In your case, you place the barrier before the dispatch that reads the color attachment. So you draw, dispatch the unrelated work, barrier, dispatch the work with consumes the draw.
3) It won’t hang, it will just logically wait for all stages up the compute shader stage to finish work (which can be none) and it will prevent anything including the vertex shader and stages after it from running before the other stages finished. This might very well be a no-op if there’s no work in flight, but it could be also a cache flush for no good reason, so you should avoid this kind of waits.
hi!
Say there are two buffers, A and B. A is host visible, B is device local. I think the following steps are needed:
1.transfer A from its ”initial state’ into PIPELINE_STAGE_HOST, ACCESS_HOST_WRITE using barrier
2.map(A), write data, unmap(A)
3.transfer A from PIPELINE_STAGE_HOST, ACCESS_HOST_WRITE into PIPELINE_STAGE_TRANSFER, ACCESS_TRANSFER_READ using barrier
4.transfer B from its “initial state” into PIPELINE_STAGE_TRANSFER, ACCESS_TRANSFER_WRITE using barrier
5. vkCopyBuffer
Is it correct? If so, what is the “initial state”, should I simply mark the srcStageMask and srcAccessMask as 0?
If not, what steps is needed?
Thanks!
Just take a look at how the HelloVulkan sample solves it: https://github.com/GPUOpen-LibrariesAndSDKs/HelloVulkan/blob/master/hellovulkan/src/VulkanTexturedQuad.cpp, specifically,
CreateMeshBuffers.It allocates the memory in the
VK_BUFFER_USAGE_TRANSFER_DST_BITstate directly, and then performs a copy. It only barriers afterwards (after the copy is done) to get it into usable state.I too have a few questions:
I have 4 buffers:
1 input staging buffer
1 input device local buffer
1 output device local buffer
1 output staging buffer
The idea is that I generate some data on the CPU into the input staging buffer.
I copy the staging buffer to the device local input buffer using a dedicated transfer queue.
I then launch a compute shader that fills the output device local buffer based on the input device local buffer.
Finally i copy the results in the output device local buffer to the output staging buffer, map it and use the data.
My question now is how to handle the dependencies between the queues. A commandbuffer needs to be submitted to a specific queue, so how do i go about handling ownerships?

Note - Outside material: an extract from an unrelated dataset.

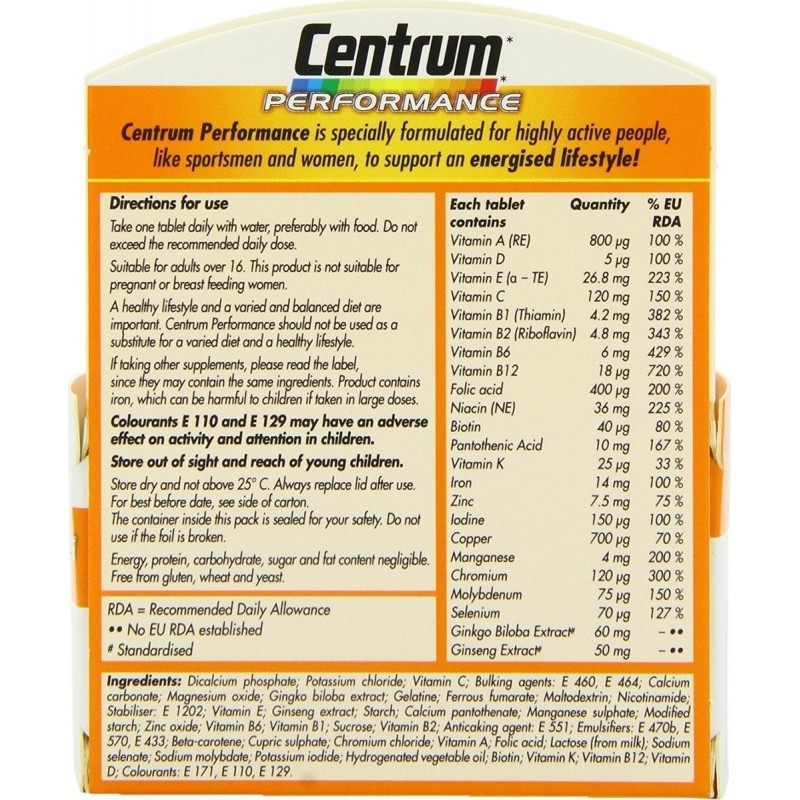 CENTRUM Performance Complete from A to Zinc Συμπλήρωμα Διατροφής με Βιταμίνες, Μέταλλα, Ginseng & Gingo Biloba 30 δισκία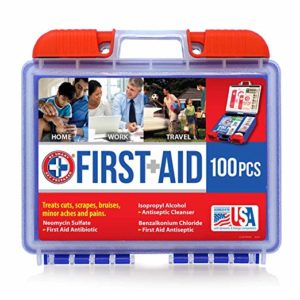 Be Smart Get Prepared 100 Piece First Aid Kit, Clean, Treat and Protect Most Injuries with The kit That is Great for Any Home, Office, Vehicle, Camping and Sports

Should I record 3 commandbuffers, 1 for copy of input, 1 for launching of compute and 1 for copy of output and end the first two with a pipeline barrier that transfers the buffers to the target queues?
Is it possible to create a single commandbuffer that has access to all the other queues and does all the ownership management itself?
Thanks in advance
You’ll need three separate command buffers, as you can’t submit one command buffer to multiple queues. The command buffers will all perform transitions, and you’ll synchronize them using semaphores (you’ll get one on submit, which you can use on the next submit to prevent the command buffer from starting.) Note that if your graphics queue is depending on the output of the compute queue, you might just do the compute on the graphics queue unless there’s other work you want to overlap with.
I don’t get why it is mentioned in Example 2 that the right pipeline is waiting on the finished vertex shader pipeline stage of the left one in order to start a compute shader after a subsequent fragment shader. My state of knowledge is that pipelines are either graphics or compute, so it is not possible to execute a fragment shader before a compute shader in the same pipeline, or am I wrong?